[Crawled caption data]
☆ ☆ ☆ ☆ ☆ ☆ ☆

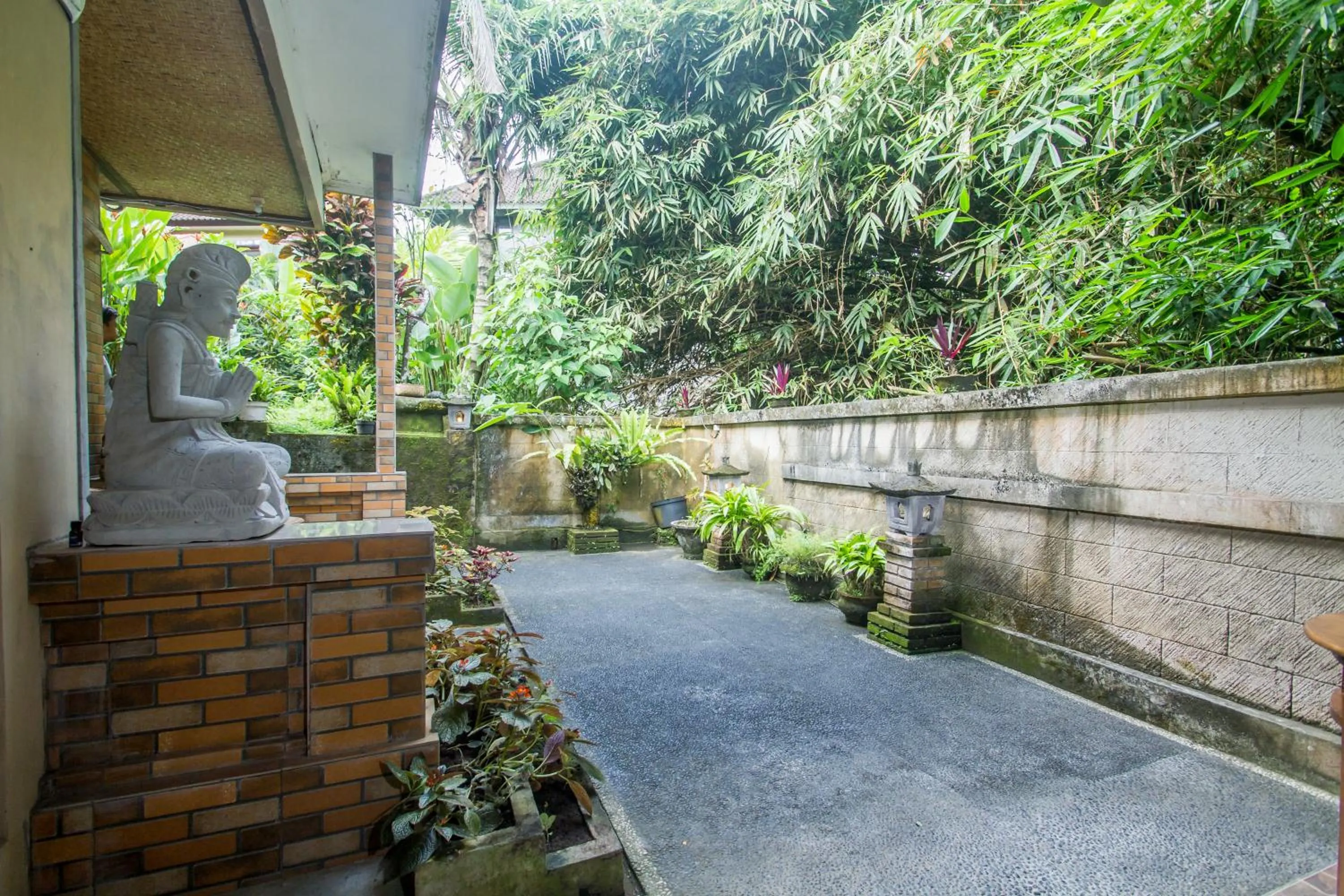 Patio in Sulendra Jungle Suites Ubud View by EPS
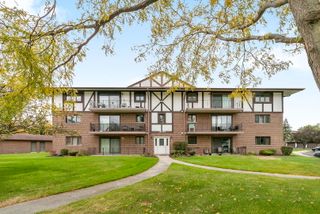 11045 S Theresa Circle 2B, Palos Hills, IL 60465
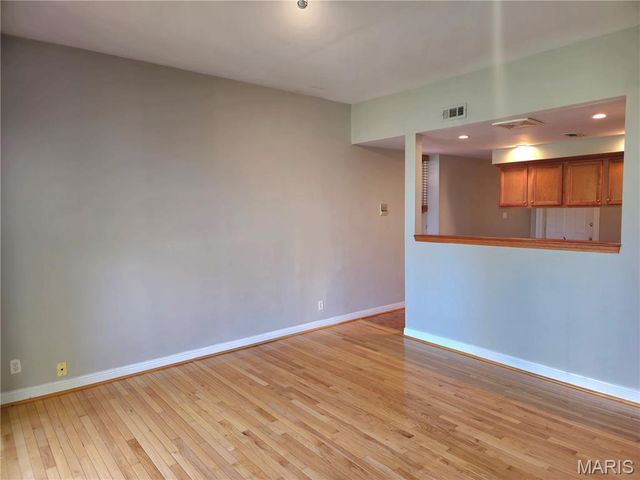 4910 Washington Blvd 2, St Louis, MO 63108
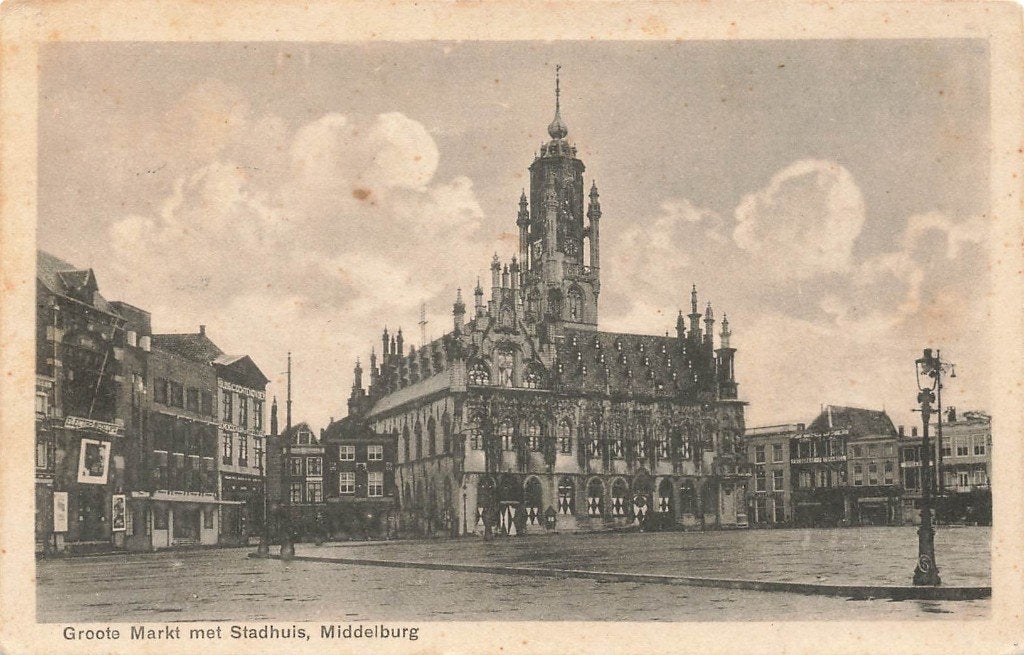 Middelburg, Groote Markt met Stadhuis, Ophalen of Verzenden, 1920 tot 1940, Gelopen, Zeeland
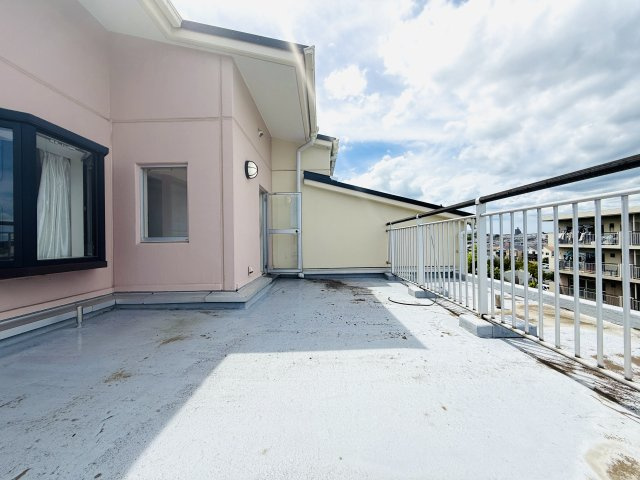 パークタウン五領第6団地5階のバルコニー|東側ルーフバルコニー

☆ ☆ ☆ ☆ ☆ ☆ ☆

- **Activity**: Leaving the pictures out, set down all of the data again exactly.

- **Answer section**:
 Patio in Sulendra Jungle Suites Ubud View by EPS
 11045 S Theresa Circle 2B, Palos Hills, IL 60465
 4910 Washington Blvd 2, St Louis, MO 63108
 Middelburg, Groote Markt met Stadhuis, Ophalen of Verzenden, 1920 tot 1940, Gelopen, Zeeland
 パークタウン五領第6団地5階のバルコニー|東側ルーフバルコニー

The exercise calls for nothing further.